私を引っ張ったのは、いかにも悪そうな顔つきをした狼の姿をした天人だ。上京して早々のトラブルとは、私もつくづく運が悪い。おまけにその手の中には、ヒビの入ったスマートフォン。これはもしかして……と嫌な予感がする。

「お前、さっきこっちにぶつかってきたろ……?」
「それは、あの、すみません……私の不注意で……」
「オメーのその不注意のせいで、俺のスマホの画面、これ、てめっ、割れちまっただろーが!」

相手の怒声が駅構内に響き渡る。どうしたんだあの子──タチの悪い天人に絡まれてるらしい──ああ、そりゃあ気の毒だ──とひそひそ声が聞こえてきた。客達の哀れむような視線がこちらに集まってくるのを感じる。
 やってしまった、と、心の中で頭を抱えた。よりによってこんな駅の中で、こんなガラの悪そうな天人とぶつかって、おまけに携帯を壊してしまうなんて──。しかし悪気はないとはいえ、携帯が壊れたのは事実だ。何より、こちらから文句でも言い出したら、無傷では返してもらえないだろう。血まみれで屯所へと向かうのだけは遠慮したい。ここは甘んじて相手の要望に答えるのが手か。

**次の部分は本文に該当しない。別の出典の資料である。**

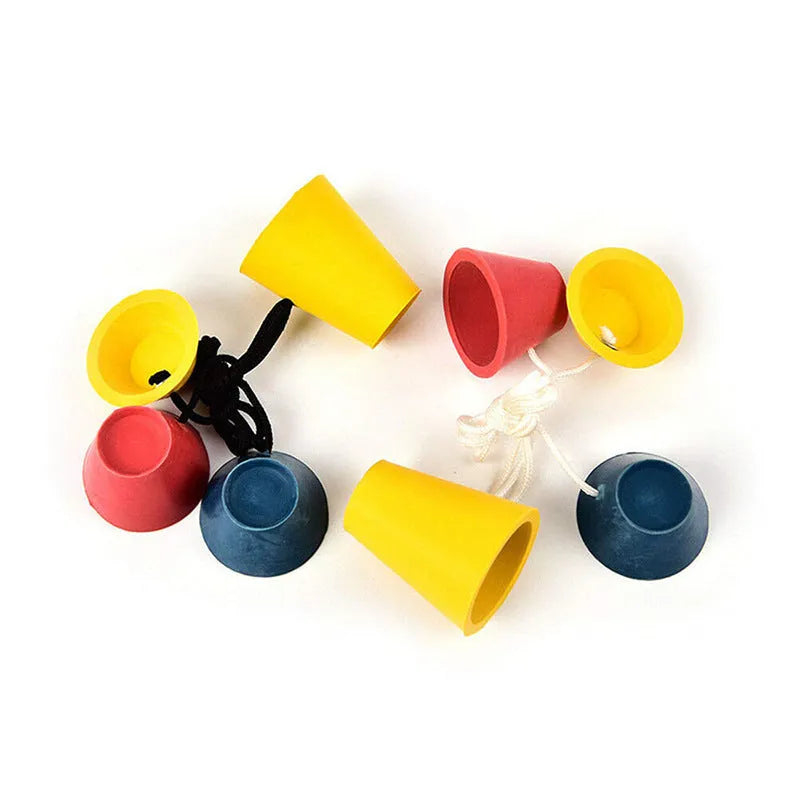 Set of four rubber golf tee ball holders in blue, yellow, and red with four feet each, 2cm height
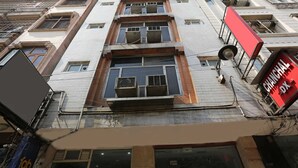 Un edificio de varios pisos con ventanas amplias y un letrero rojo a la derecha.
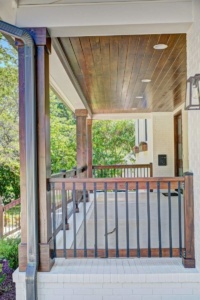 A porch with wooden floors and a metal railing.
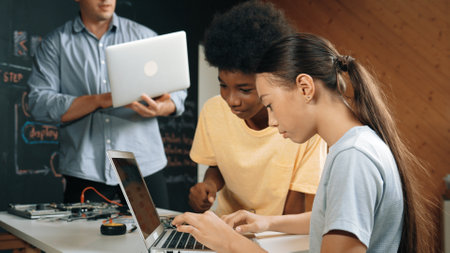 Group of diverse student working together to write program. Multicultural children coding or...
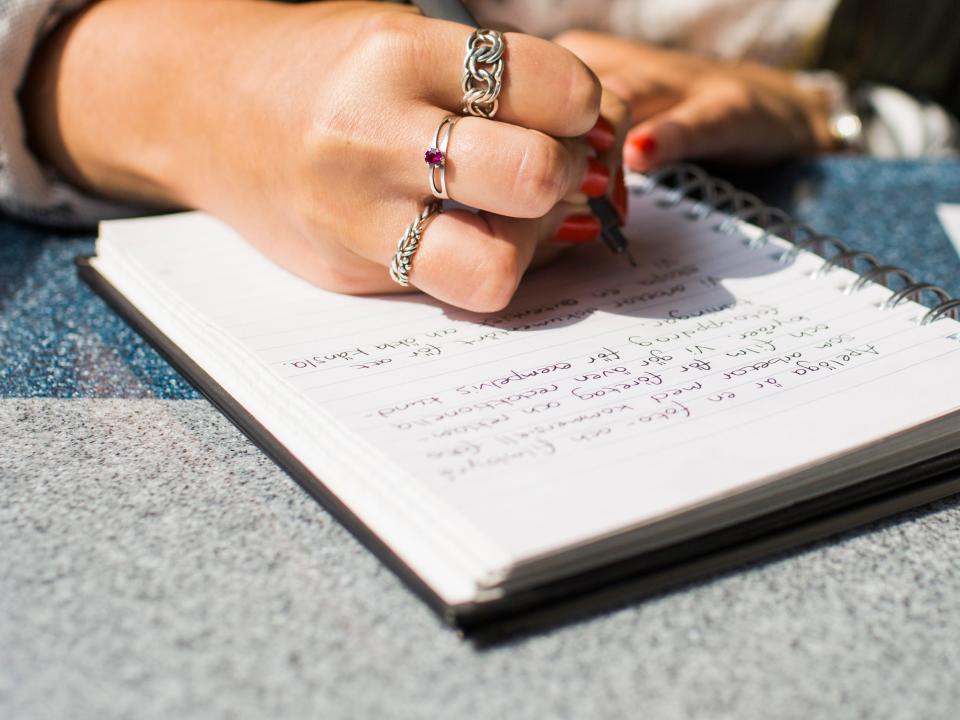 Person writing in a journal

「あ、あの……修理代とか、お支払いしましょうか……?」

なるだけ相手を怒らせないように、腰を低く低くする。さよなら私のお金。早くも数人の諭吉とお別れすることになりそうだ。

「10万」
「へっ……!?」

──じゅ、10万……!
思っていたより桁が一つ大きい数に、思わず変な声が出た。

「修理代と慰謝料とで10万。ぶつかってきたのはそっちなんだから払うのが義務ってモンだろ?」

多少の弁償は覚悟していたものの、10万ともなれば流石に話が違う。移住に向けてコツコツ貯め続けたなけなしのお金が、私後と汗と涙の結晶が、一気に飛んでいってしまう──まだ移住先にすら着いてないのに。

「え、もしかして払えないとか言う訳? お前がぶつかってきたせいで壊れたのに?」
「あの、ぶつかったのは申し訳ないと思ってます! で、でもあの、10万っていうのは──」
「あのなあ、謝って済む問題じゃねーんだよ、こっちはスマホ壊されてるんだっつーの!」

 データも何もかもパーだよ!お前直せねーだろ!と更に責め立てられる。そう言われると返す言葉もない。ますます強まる怒声に、思わず身体が竦んだ。足が小刻みに震えているのを感じる。もう言う通りにするしかないのだろうか。絶え間なく浴びせられる罵声に耐えかねて、払いますから許してください、と言いかけたその時。背後から、聞き覚えのある声が響いた。



「ああ、確かにこりゃ謝って済むじゃねェ……逮捕モノだな」 
「ああ、そうだ、払わなきゃ警察に訴えるぞコラ! ……ってあれ」
「ひ、土方さん……!?」

 どこからともなく颯爽と現れたその人は、天人を私から引き離す。

「大丈夫か、名前」
「だ、大丈夫ですっ、ハイ!」

突然の救世主の到来に、私はただただ呆然と立ち尽くすしかない。

「……な、なんで俺が逮捕されなきゃならねーんだ、むしろこっちは被害者なんだぞ!」
「通報が入ったんだよ──駅で天人が女にぶつかった上、落としてもいない携帯を取り出して金巻き上げようとしてるってな」
「な……ッ!」

 警察の登場に狼狽える天人の後ろから、もう1人がひょっこりと現れる。彼は慣れた手つきで天人に手錠を掛けた。

「12時26分、恐喝罪の現行犯で逮捕〜」
「そ、総悟…!」

──まさかこの2人が助けに来てくれるなんて。驚きと喜びとで言葉が出ない私の前で、2人は華麗なる逮捕劇を続ける。

「お、おお俺は恐喝なんてしてない!」
「ああそうですかィ……んじゃ、ここの監視カメラで確かめやしょう土方さん。バッチリ犯行の瞬間収められてるはずなんで」
「ああ、そうだな。総悟、お前駅員に言って見せてもらってこい」
「了解でさァ」

その指示に──土方さんの指示であるにも関わらず──ニコっと笑った総悟は、駅員を呼びに行こうとした。しかし、思い出したように天人の方へ向き直り、耳元で小さく囁く。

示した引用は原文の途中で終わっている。